NEW YORK--(BUSINESS WIRE)--ACORE CAPITAL, one of the leading U.S. commercial real estate investment managers, today announced the closing of ACORE 2026-FL1, a $1.1 billion managed commercial real estate collateralized loan obligation (CRE CLO). The CRE CLO’s initial collateral pool consists of 22 loans secured primarily by multifamily and industrial properties. The sponsor of the transaction is ACORE Credit Partners II REIT, Inc.

The offered investment-grade securities have been placed with institutional investors. Wells Fargo Securities, LLC acted as sole structuring agent, with JPMorgan, Morgan Stanley, Goldman Sachs, and Capital One serving as joint bookrunners, and Sumitomo Mitsui Banking Corporation acting as co-manager.

“We’re pleased to partner with such a distinguished group of investment banks and institutional investors on this transaction,” said Warren de Haan, CEO of ACORE CAPITAL. “The successful execution of this CRE CLO demonstrates positive views of our firm, loan portfolio and our disciplined approach to CRE lending. This transaction provides ACORE CAPITAL with an additional source of attractive leverage, furthering our goal of a diversified financing strategy, and delivers favorable term financing.”

This press release is for informational purposes only. It shall not constitute an offer to sell or a solicitation of an offer to buy any securities.

About ACORE CAPITAL
ACORE CAPITAL, LP is one of the leading U.S. commercial real estate investment managers with approximately $18 billion of assets under management. With offices in New York, Los Angeles, Miami, San Francisco and Dallas, ACORE CAPITAL originates, acquires and manages first mortgages, B-notes, mezzanine debt and preferred equity. ACORE CAPITAL’s success has been fueled by its long-standing industry relationships and access to a consistent pipeline of origination opportunities. For more information, please visit WWW.ACORECAPITAL.COM.

Disclaimers
All investments involve a degree of risk, including a risk of loss. There can be no assurances that the transaction described above will ultimately benefit investors.
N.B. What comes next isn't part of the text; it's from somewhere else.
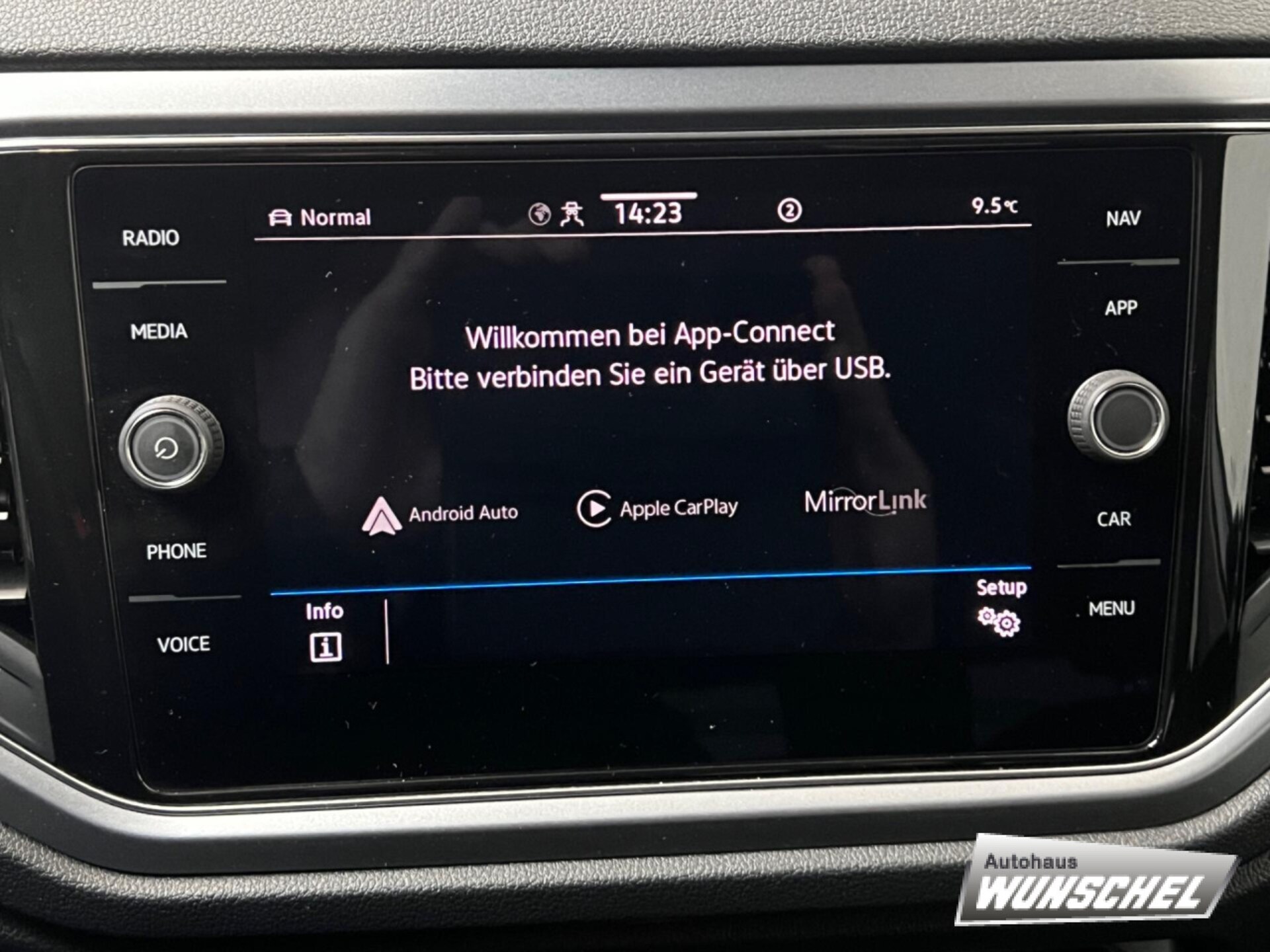 Volkswagen T-Roc Active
Certain statements made in this release are “forward looking statements” within the meaning of the “safe harbor” provisions of the United States Private Securities Litigation Reform Act of 1995. When used in this press release, the words “estimates,” “projected,” “expects,” “anticipates,” “forecasts,” “plans,” “intends,” “believes,” “seeks,” “may,” “will,” “would,” “should,” “future,” “propose,” “target,” “goal,” “objective,” “outlook” and variations of these words or similar expressions (or the negative versions of such words or expressions) are intended to identify forward-looking statements. Any such forward-looking statements are made pursuant to the safe harbor provisions available under applicable securities laws and speak only as of the date made. ACORE assumes no obligation to update or revise any such forward-looking statements except as required by law. These forward-looking statements are not guarantees of future performance, conditions or results, and involve a number of known and unknown risks, uncertainties, assumptions and other important factors, many of which are outside ACORE’s control, that could cause actual results or outcomes to differ materially from those discussed in the forward-looking statements.